[Working data]

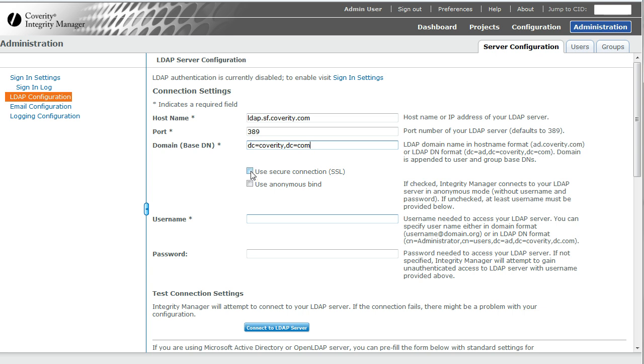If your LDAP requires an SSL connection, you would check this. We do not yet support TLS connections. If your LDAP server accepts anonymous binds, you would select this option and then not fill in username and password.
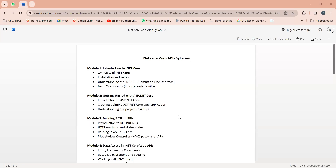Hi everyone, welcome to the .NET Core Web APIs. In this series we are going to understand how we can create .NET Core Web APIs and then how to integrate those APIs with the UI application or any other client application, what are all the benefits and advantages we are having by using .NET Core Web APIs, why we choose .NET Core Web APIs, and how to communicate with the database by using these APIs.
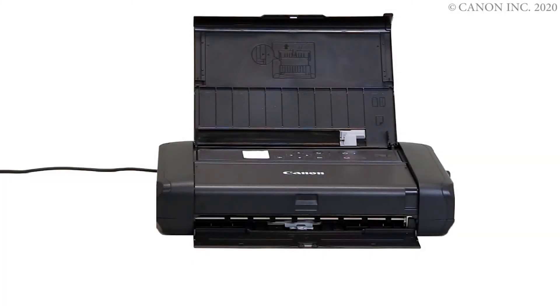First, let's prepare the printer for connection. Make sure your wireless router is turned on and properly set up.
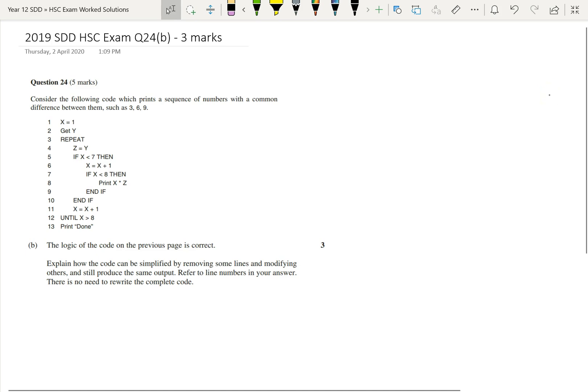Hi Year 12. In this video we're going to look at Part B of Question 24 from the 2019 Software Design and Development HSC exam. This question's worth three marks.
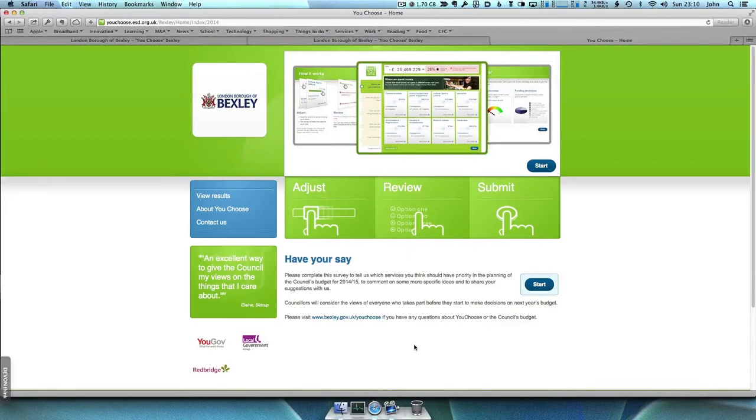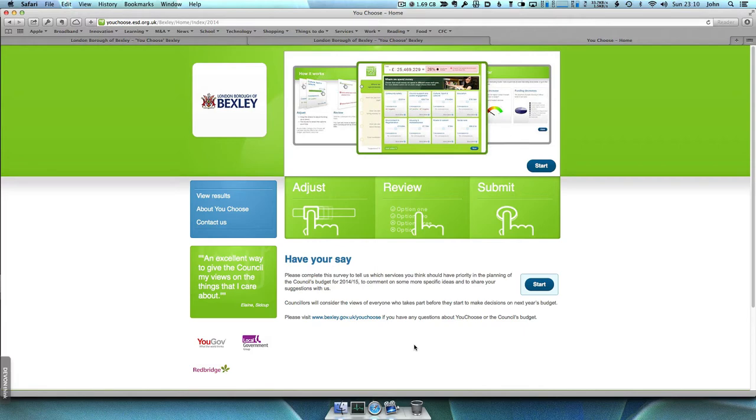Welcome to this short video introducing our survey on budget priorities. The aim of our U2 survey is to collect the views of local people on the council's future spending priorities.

[/Working data]
[Working data]

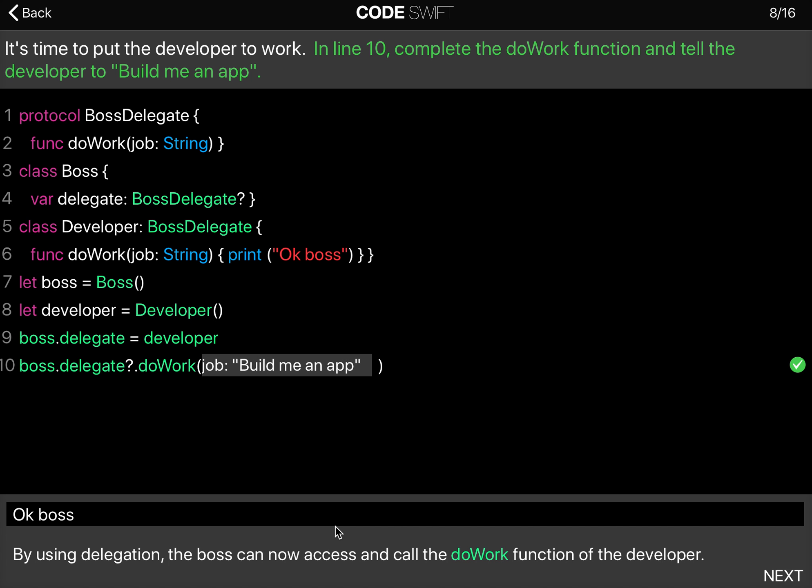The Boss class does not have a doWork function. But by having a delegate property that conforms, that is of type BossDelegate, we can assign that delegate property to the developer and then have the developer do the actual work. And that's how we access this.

[/Working data]
[Working data]

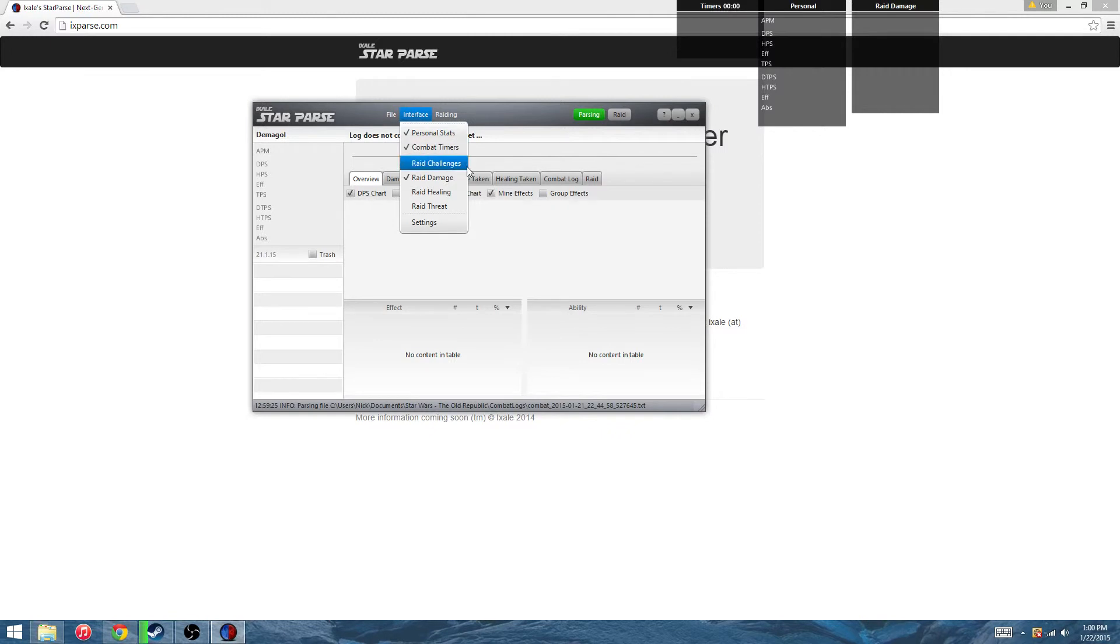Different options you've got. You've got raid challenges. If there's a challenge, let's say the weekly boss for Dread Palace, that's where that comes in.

[/Working data]

* Try it *
Copy everything above from the line holding "If your LDAP requires" down to the line holding "Hi everyone, welcome", both ends included, exactly as it stands and without the pictures.

* Finished task *
If your LDAP requires an SSL connection, you would check this. We do not yet support TLS connections. If your LDAP server accepts anonymous binds, you would select this option and then not fill in username and password.
Hi everyone, welcome to the .NET Core Web APIs. In this series we are going to understand how we can create .NET Core Web APIs and then how to integrate those APIs with the UI application or any other client application, what are all the benefits and advantages we are having by using .NET Core Web APIs, why we choose .NET Core Web APIs, and how to communicate with the database by using these APIs.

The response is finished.